The next day I got a call from my director letting me know that my parents had called Peace Corps Washington worried about my well being and would very much like to hear from me. I never thought I'd be that volunteer....but there you go. I called my dad and filled him in, then called my mom to give her the rest of the story as well. I spent a day in Boké getting my bags packed again to go to my village, anticipating that I might be stuck there for the duration of this mess on "standfast" orders. The next day I caught a taxi back.
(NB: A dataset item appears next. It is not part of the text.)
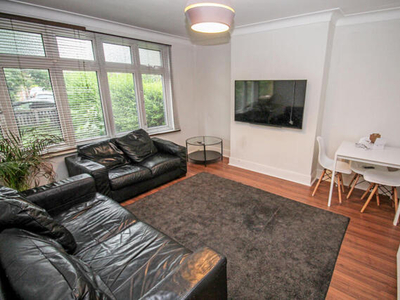 4 Bedroom Semi-detached House For Rent In Burley, Leeds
My taxi actually was going to a different village, but they dropped me off on the road 2k from my house (this is acually what happens about half the time I come back from Kamsar, I prefer to walk the 2k than wait for hours at the taxi depot). As I walked in with my bags people from my village seeing me for the first time in 3 months were so excited that I felt it necessary to stop and say hello to everyone who called out to me, as a result I was a tired, sweaty, but very welcomeded (i nu sene! i nu sene!) mess when I got to my house. I was sent two separate bowls of rice and sauce and a bag full of (very sour) oranges within a couple hours of arriving.

My house, as it had been sitting empty for so long, was a mess. Luckily mold didn't take over like it had in some of my friends houses, but the mice took their revenge on my 10 month period of keeping them in check. They ate through the plastic tub my margarine was in, through the plastic lid of my gatorade mix, the plastic lid of my oatmeal, etc etc. One even chewed a hole into the corner of my peanut oil bottle so that I found a big tacky puddle of oil with an empty bottle in the middle of it. They also tried eating my bar of soap, and chewed up one of my earbud cushions pretty badly. I also found several frogs and lizards had taken up residence in my house. Luckily it was all cleanable and repairable, and luckily the mice didn't find a way into my metal trunk where I keep my cheez-its.

Some of the village kids were showing up to chat with me, and so I put on my iPod's african mix over the speakers and started bringing things out for them to wash while I swept up and mopped my floors. I also got them to pick most of the weeds and sweep my porch so within a few hours my house was looking much better and the kids' energy level had dropped beyond the point of wanting to hang out with me any more that day. They got a hearty amount of Jolly Ranchers as payment.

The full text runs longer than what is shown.